第16話 僕の求婚と反省

 魔法学校の卒業式で披露する魔法に、ブラッドは紅鳥を飛ばすことを選んだ。彼にとって一番大切なものの象徴だった。


 壇の上でブラッドが広げた両手の平から紅鳥がいっぱい飛び出した。羽を広げて式場中を飛び回り、かわいい声で鳴きかわした。

 そのとき、ブラッドはルビーを見つけた。


 ああ、ルビーだ。ルビーがいる。

 変わりない。

 なんてかわいいんだ。

 早く話をしたい。抱きしめたい。



 その後のパーティで、ルビーが、大嫌いなヒーリー嬢と友人たちに取り囲まれているのをみつけて、ブラッドはあわててルビーのもとに行った。


「美人でもない。魔法も使えない。

 まるで紅鳥べにどりね。そのへんにいくらでもいる、価値のない鳥。

 いつまでブラッドの婚約者気取りでいるの?」

 そして、ヒーリー嬢がルビーと紅鳥をバカにするのを聞いた。


 ブラッドは、瞬時に頭が火を吹いたような気がするほど、いかった。



 それも、ルビーに自分の名を呼ばれ、彼女と視線が合うことで霧散する。ルビーを見ている間だけは、僕の頭を占めるのはルビーだけだ。


 僕のルビー。



 だが、ルビーを傷つける可能性のあるものは、排除しなければならない。

 再び沸いた怒りをヒーリー嬢と友人たちにぶつけるだけで、彼女たちはいなくなった。


 いままでのように、また彼女たちが邪魔をしてくるのかが心配だったが、周りの女性たちの反応から、社交界がそれを許さないとわかった。
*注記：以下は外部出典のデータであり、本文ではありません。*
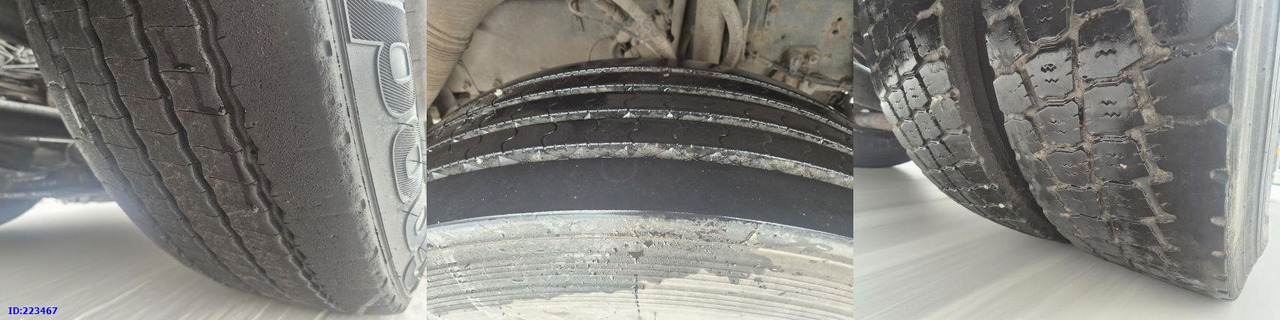 트랙터 유닛 VOLVO FM11 410HP 6x2 Hydraulic Manual : 사진 9 트랙터 유닛 VOLVO FM11 410HP 6x2 Hydraulic Manual : 사진 9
 ルビーは友人が多い。もう心配ないだろうと、ブラッドは安堵した。



 そして、愛しいルビーに会えた歓喜が強く押し寄せた。

 ヒーリー嬢たちから救い出した彼女を抱きしめると、ルビーのふわふわした髪が頬にあたり、ふわりとルビーの香りがした。
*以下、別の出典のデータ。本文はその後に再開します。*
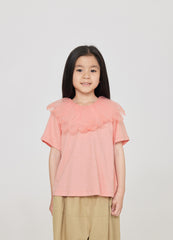 T-Shirt / jnby by JNBY  Short-Sleeved Girls' T-Shirt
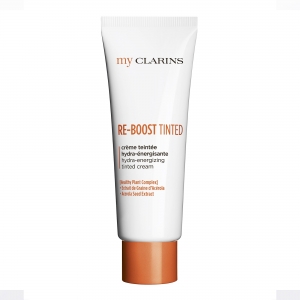 MY CLARINS RE-BOOST TINTED Crème teintée hydra-énergisante - Toutes peaux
 まだまだルビーを抱きしめていたかったが、その気持ちを抑え込み、ブラッドは友人や教師にルビーを紹介して回った。

 魔法学校を出たあとも付き合っていく人たちだ。ルビーにも自分の大切な人たちだと知って欲しかった。


 あとで思い返して何を話したか記憶がないほど、ブラッドは舞い上がっていた。



 * * *



「ねぇ、ブラッドにとって紅鳥って何?」

「紅鳥は、つまらない鳥ではない? 価値のない鳥ではない?」


 魔法学校から王都のアーヴィング邸に帰る馬車の中でルビーにそう聞かれた。それではじめてブラッドは、なぜルビーが紅鳥を話題にすると不機嫌になっていたのかがわかった。


 慌てて誤解を解き、ブラッドは反省した。

 ルビーが紅鳥を話題にすると不機嫌になるのを不思議に思っていたのに放っておいたのは、ブラッドだ。



 僕の無表情は誤解されやすい。母上はそれを不器用と言っていた。

 違和感を覚えたら、それを放っておいてはダメなんだ。大事な人に誤解をされたままでは、その人まで傷つけてしまう。
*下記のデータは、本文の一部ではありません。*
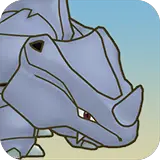 Rhinocorne Pokémon Donjon Mystère DX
 うん。これからは、ルビーに対して何か違和感があったら、絶対解決するぞ!


 ルビーにだけ誠実なブラッドだった。



 * * *



 翌日、懐かしい草原に行ってルビーに飛翔魔法を披露したときは、ブラッドは誇らしくて仕方がなかった。

 彼の四年間の集大成だったのだ。


 まずは口付けだ。ずっと我慢していたんだ。

 やっと、ルビーと口付けをすることができる。


 飛翔魔法のお礼だとルビーにねだった口付けは、とても甘かった。



 そのままそこで、ブラッドはプロポーズした。飛翔魔法を研究しているときから決めていた。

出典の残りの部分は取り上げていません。